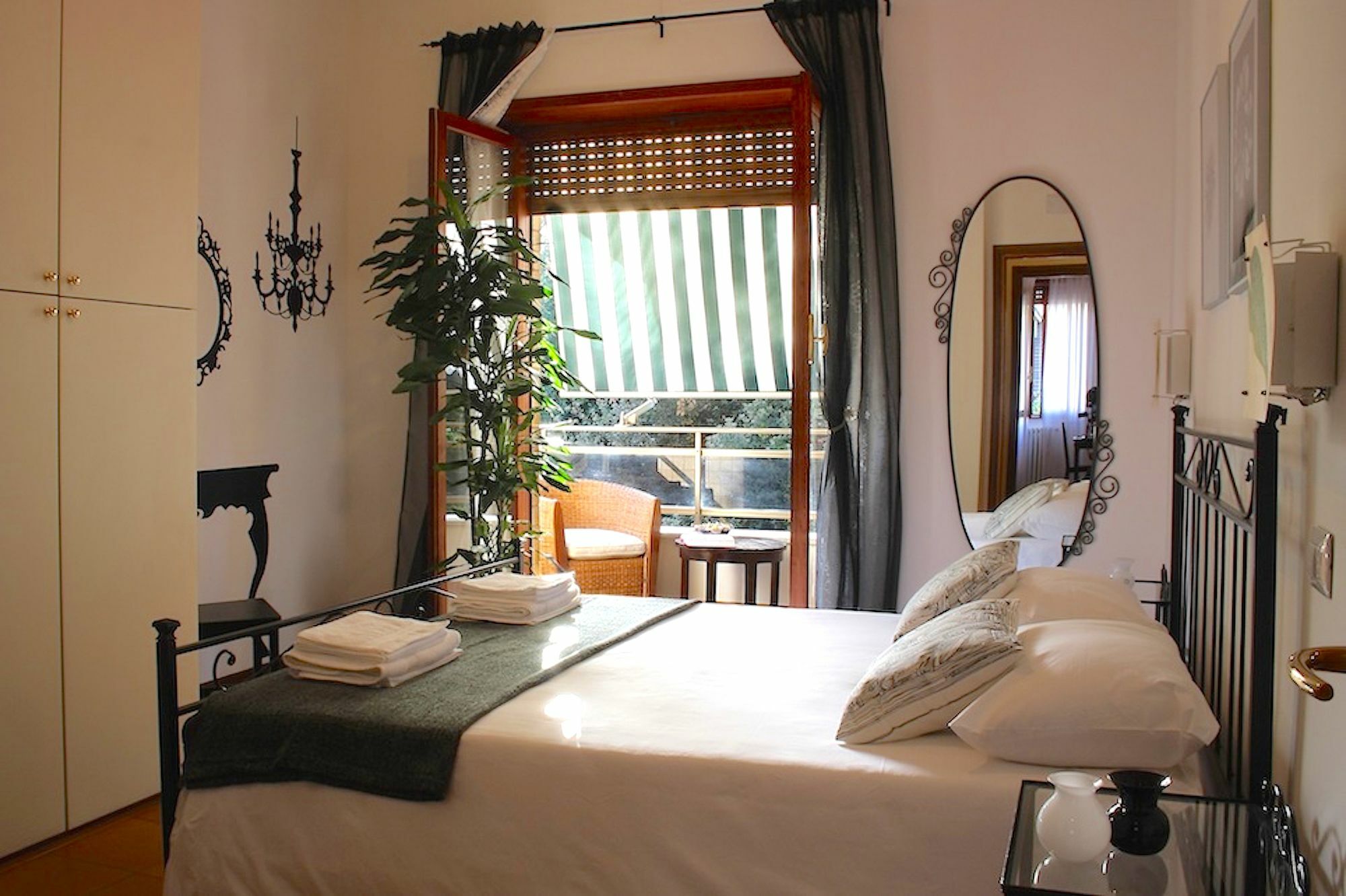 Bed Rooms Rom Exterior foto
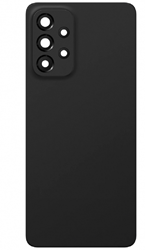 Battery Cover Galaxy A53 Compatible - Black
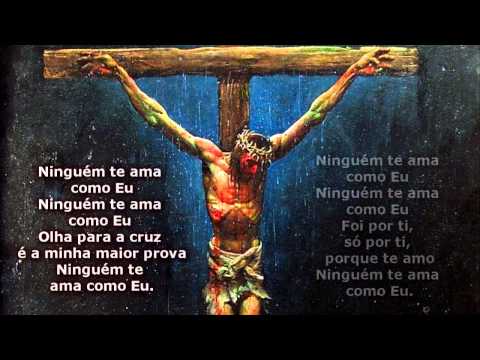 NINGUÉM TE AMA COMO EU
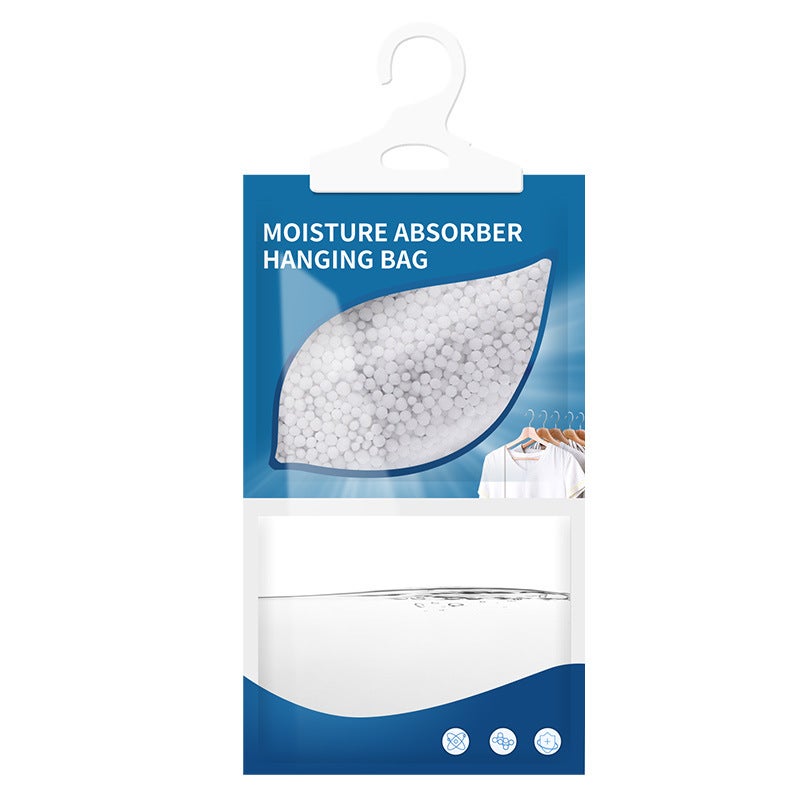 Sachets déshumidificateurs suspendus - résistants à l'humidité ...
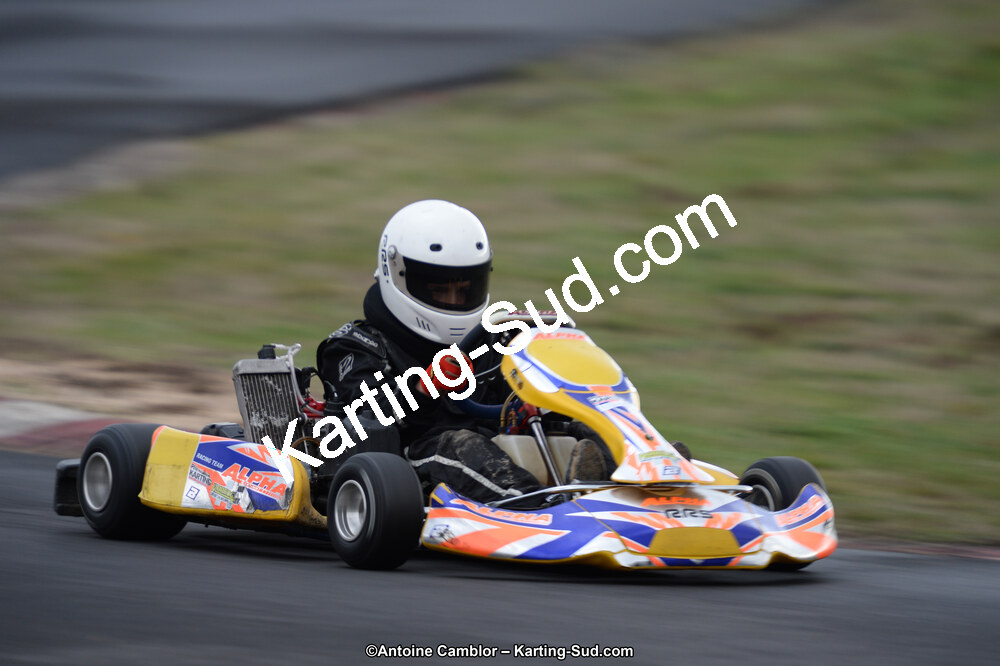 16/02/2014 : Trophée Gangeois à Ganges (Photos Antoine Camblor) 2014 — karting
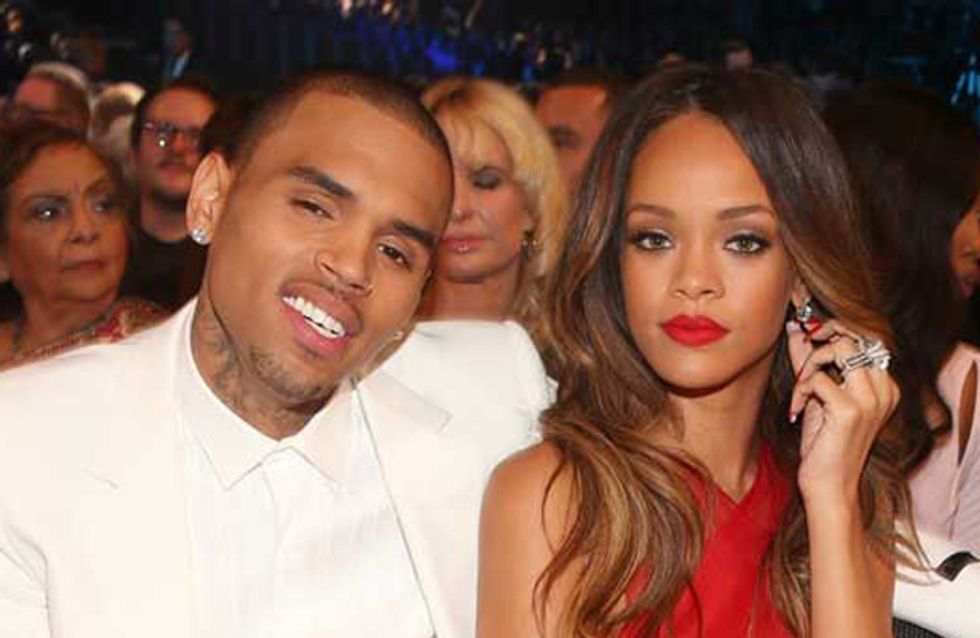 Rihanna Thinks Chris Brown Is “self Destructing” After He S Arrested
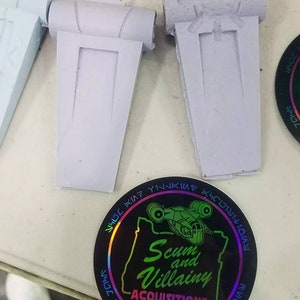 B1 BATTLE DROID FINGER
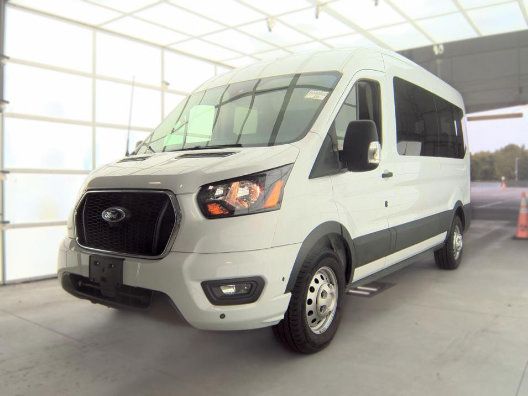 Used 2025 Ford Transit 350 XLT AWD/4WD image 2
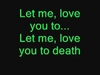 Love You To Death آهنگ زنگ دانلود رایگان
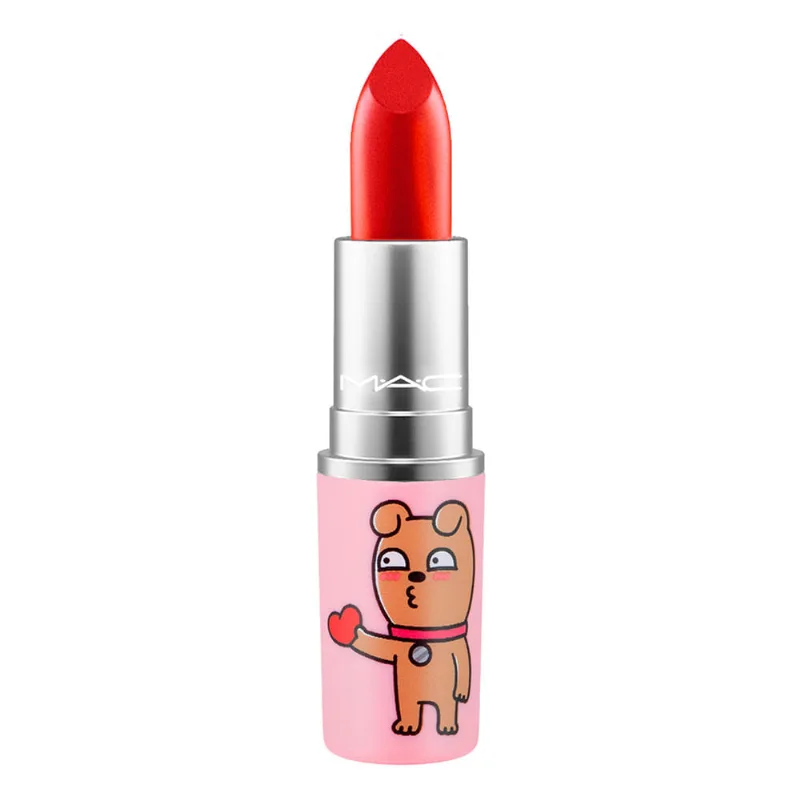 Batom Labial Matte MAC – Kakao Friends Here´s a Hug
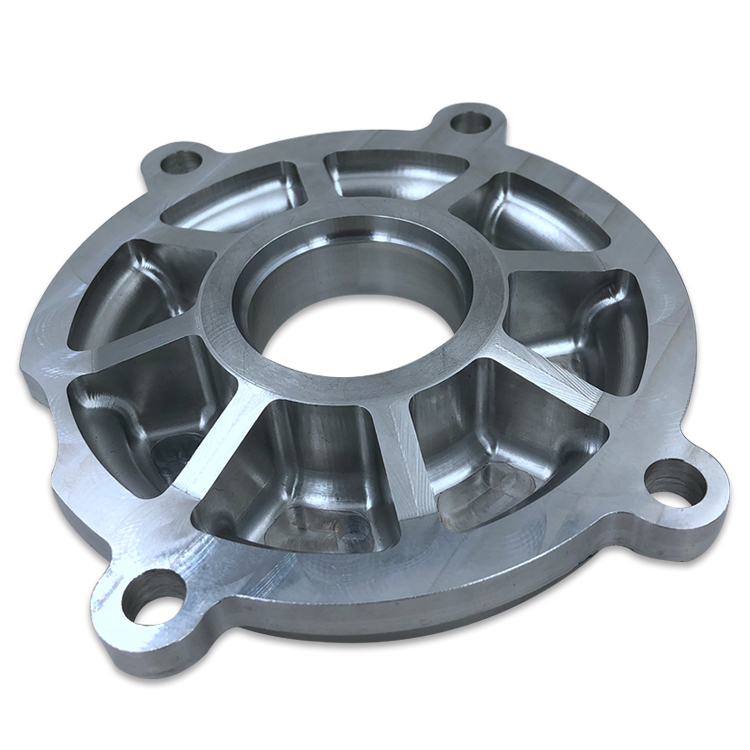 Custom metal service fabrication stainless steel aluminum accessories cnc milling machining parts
──────────────────────────────
Output the material word for word, and keep the pictures out.

» **Task output**
 Bed Rooms Rom Exterior foto
 Battery Cover Galaxy A53 Compatible - Black
 NINGUÉM TE AMA COMO EU
 Sachets déshumidificateurs suspendus - résistants à l'humidité ...
 16/02/2014 : Trophée Gangeois à Ganges (Photos Antoine Camblor) 2014 — karting
 Rihanna Thinks Chris Brown Is “self Destructing” After He S Arrested
 B1 BATTLE DROID FINGER
 Used 2025 Ford Transit 350 XLT AWD/4WD image 2
 Love You To Death آهنگ زنگ دانلود رایگان
 Batom Labial Matte MAC – Kakao Friends Here´s a Hug
 Custom metal service fabrication stainless steel aluminum accessories cnc milling machining parts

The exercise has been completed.